Repeat exactly the lines beginning at the one that contains "image archive image" and running to the end of the material. Omit the pictures.

Recorded data>

- Opening Delimiter -

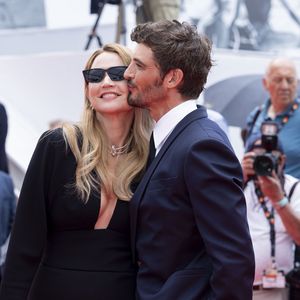 Virginie Efira et Niels Schneider - Montée des marches du film « L’inconnue» lors du 79ème Festival International du Film de Cannes, le 18 mai 2026. © Olivier Borde / Bestimage
 the 79th Cannes International Film Festival on May 18, 2026. | 00755900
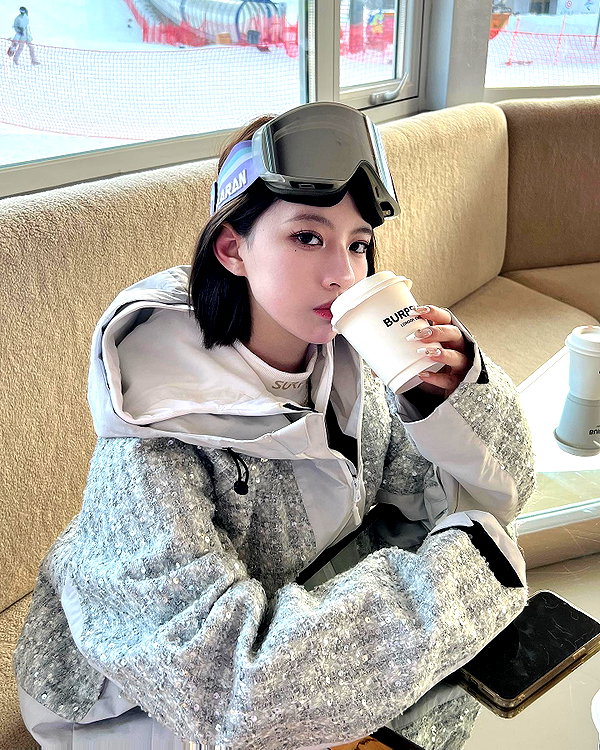 _xixiyx_ instagram image archive image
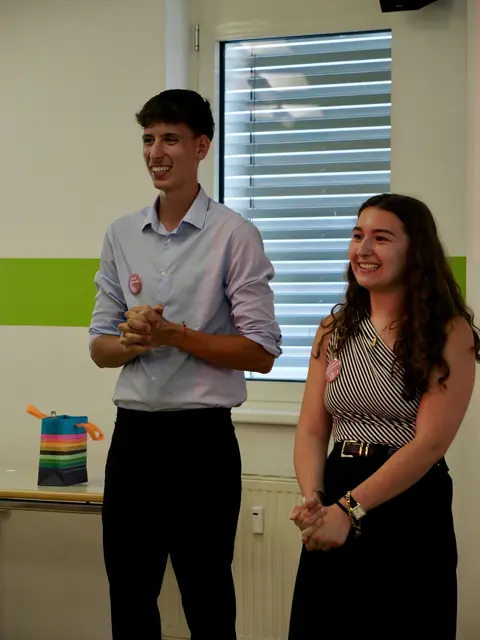 Ein Mann und eine Frau stehen nebeneinander und lachen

- Closing Delimiter -

Answer section>
 _xixiyx_ instagram image archive image
 Ein Mann und eine Frau stehen nebeneinander und lachen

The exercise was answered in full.